* [Exercise data]:
=======

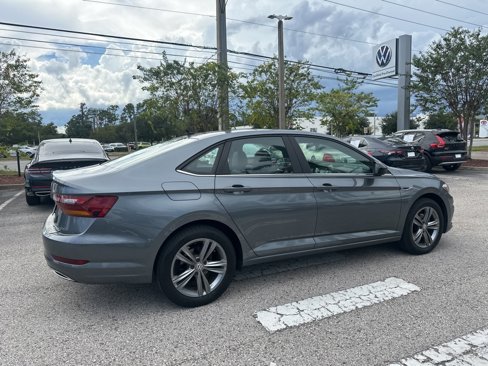 Used 2019 Volkswagen Jetta R-Line image 5
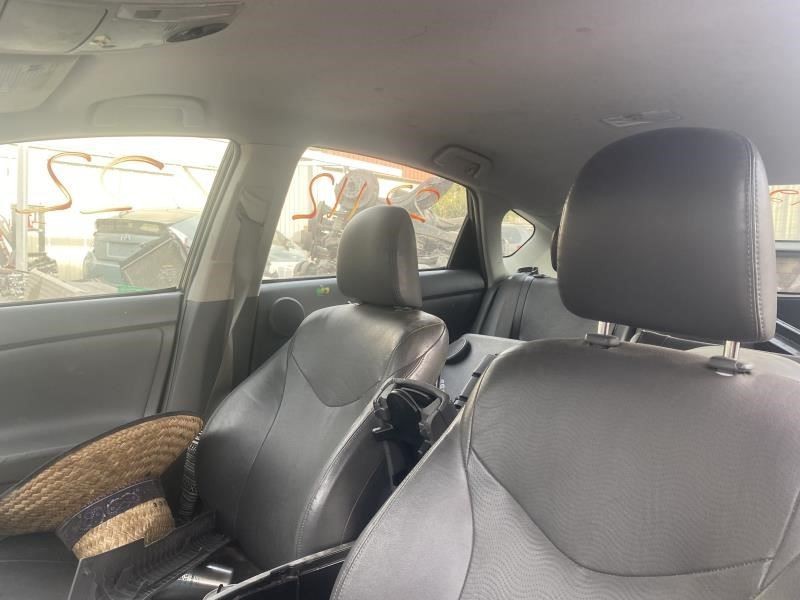 PRIUS 2011 LH REAR DOOR LATCH 31450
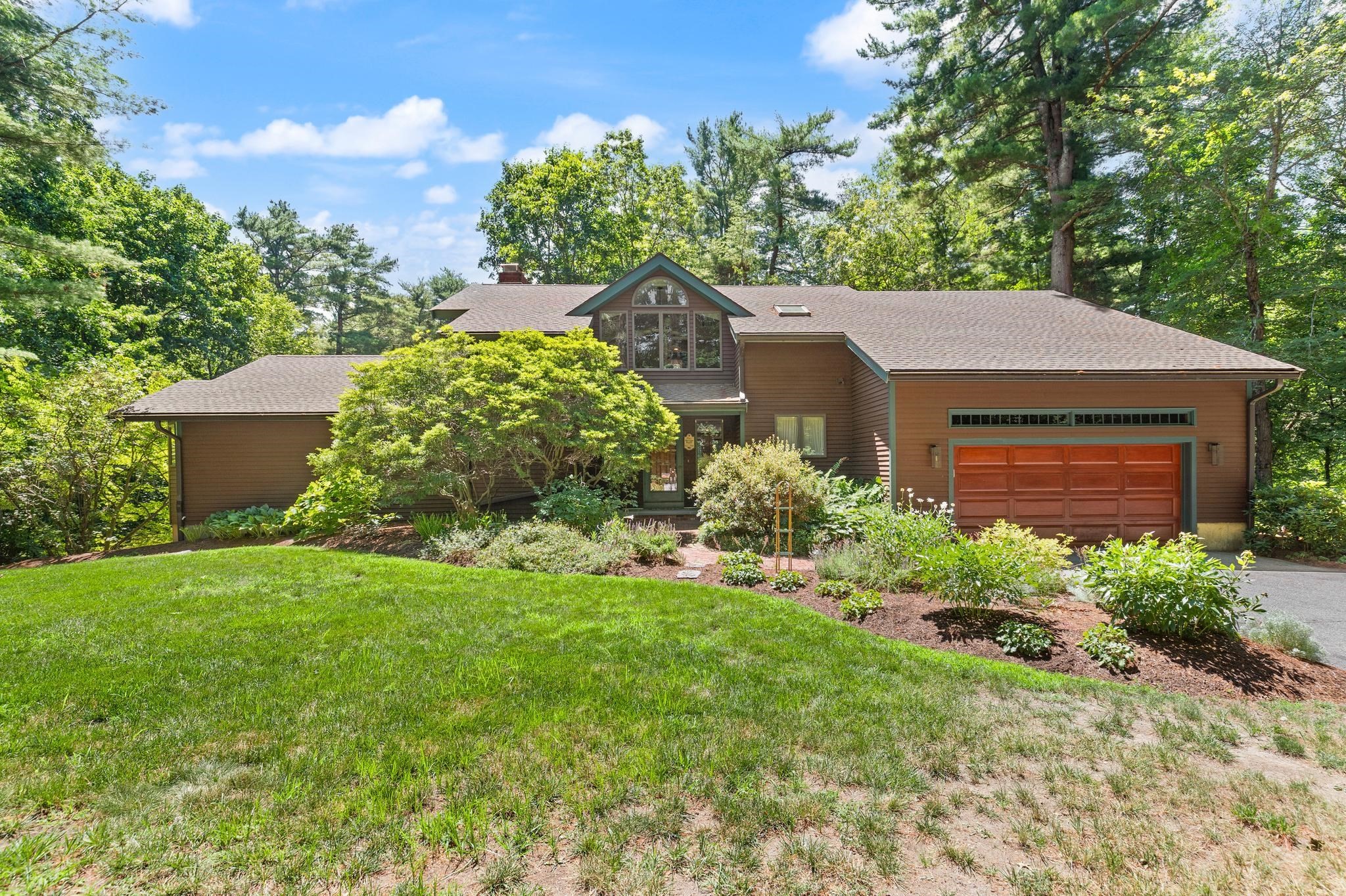 75 Boxford Road Ipswich, MA 01938 - Photo 2 of 38 Gallery Image 2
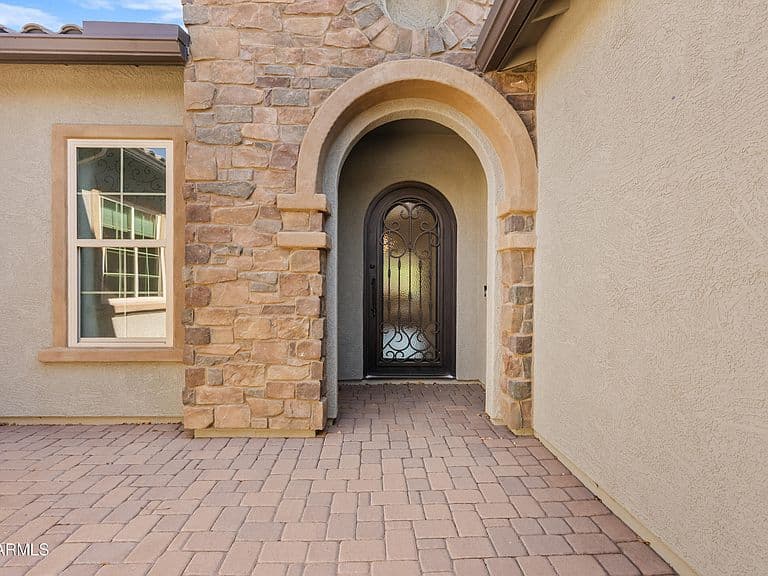 7711 S BARLOW Drive photo 3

=======

Nothing but the pictures should be left out when the listing above is transcribed.

* [Response to this task]:
 Used 2019 Volkswagen Jetta R-Line image 5
 PRIUS 2011 LH REAR DOOR LATCH 31450
 75 Boxford Road Ipswich, MA 01938 - Photo 2 of 38 Gallery Image 2
 7711 S BARLOW Drive photo 3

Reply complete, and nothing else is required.